TASK STATEMENT – Copy all lines of the listing that include the string "Wheels".

======== SOURCE RECORDS

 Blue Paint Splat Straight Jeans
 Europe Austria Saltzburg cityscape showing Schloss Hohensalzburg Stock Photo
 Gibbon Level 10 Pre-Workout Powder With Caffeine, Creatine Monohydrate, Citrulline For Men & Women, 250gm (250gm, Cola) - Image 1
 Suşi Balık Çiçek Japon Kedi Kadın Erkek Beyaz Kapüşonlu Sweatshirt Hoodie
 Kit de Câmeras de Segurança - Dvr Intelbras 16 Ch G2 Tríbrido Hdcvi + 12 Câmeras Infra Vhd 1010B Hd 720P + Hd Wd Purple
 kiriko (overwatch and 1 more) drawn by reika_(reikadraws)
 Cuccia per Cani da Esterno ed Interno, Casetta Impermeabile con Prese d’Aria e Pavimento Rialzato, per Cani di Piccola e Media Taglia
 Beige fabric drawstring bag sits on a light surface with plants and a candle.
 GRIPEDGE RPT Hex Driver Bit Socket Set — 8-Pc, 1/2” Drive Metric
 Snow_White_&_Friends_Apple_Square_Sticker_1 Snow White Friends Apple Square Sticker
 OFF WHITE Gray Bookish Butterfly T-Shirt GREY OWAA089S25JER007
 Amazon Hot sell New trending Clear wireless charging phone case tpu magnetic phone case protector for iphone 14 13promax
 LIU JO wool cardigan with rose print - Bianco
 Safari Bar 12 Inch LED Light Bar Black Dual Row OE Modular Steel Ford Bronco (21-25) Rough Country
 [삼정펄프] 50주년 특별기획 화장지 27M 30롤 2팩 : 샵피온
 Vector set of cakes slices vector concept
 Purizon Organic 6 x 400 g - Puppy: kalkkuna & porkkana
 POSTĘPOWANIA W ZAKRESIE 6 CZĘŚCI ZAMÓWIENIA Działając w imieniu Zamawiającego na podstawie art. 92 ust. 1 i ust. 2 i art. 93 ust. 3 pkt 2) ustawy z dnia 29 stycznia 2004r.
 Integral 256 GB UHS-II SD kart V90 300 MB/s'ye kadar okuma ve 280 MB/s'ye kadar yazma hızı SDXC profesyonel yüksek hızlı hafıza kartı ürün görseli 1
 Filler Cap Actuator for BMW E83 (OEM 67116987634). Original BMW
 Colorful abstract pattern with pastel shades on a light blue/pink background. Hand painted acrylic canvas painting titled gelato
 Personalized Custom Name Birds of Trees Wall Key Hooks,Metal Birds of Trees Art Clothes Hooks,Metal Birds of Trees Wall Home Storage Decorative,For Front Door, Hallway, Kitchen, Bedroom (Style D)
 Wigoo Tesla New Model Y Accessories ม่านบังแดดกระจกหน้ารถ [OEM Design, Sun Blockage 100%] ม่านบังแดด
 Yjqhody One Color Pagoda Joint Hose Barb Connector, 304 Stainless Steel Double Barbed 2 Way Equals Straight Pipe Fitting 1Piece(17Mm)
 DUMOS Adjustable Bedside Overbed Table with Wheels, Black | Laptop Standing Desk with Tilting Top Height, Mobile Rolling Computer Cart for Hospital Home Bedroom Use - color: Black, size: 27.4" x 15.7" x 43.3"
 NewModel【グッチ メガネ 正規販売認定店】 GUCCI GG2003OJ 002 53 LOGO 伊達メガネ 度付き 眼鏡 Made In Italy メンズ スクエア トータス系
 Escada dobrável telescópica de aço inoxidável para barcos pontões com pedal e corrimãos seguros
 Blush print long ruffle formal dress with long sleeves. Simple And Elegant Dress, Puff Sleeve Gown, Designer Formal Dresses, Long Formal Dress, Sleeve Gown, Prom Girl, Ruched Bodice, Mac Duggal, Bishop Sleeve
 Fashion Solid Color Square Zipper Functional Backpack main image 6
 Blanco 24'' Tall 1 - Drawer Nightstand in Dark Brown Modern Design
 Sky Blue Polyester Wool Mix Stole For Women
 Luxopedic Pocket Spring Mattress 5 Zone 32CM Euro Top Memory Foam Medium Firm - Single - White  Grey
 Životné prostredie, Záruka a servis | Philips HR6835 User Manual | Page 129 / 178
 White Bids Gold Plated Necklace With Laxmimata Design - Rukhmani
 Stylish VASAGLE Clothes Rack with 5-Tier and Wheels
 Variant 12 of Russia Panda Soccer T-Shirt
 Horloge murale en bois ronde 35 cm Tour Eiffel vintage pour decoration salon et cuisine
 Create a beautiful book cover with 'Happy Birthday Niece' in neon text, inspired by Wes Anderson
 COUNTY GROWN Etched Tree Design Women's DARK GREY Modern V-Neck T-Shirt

================

ANSWER FOR THE TASK –
 DUMOS Adjustable Bedside Overbed Table with Wheels, Black | Laptop Standing Desk with Tilting Top Height, Mobile Rolling Computer Cart for Hospital Home Bedroom Use - color: Black, size: 27.4" x 15.7" x 43.3"
 Stylish VASAGLE Clothes Rack with 5-Tier and Wheels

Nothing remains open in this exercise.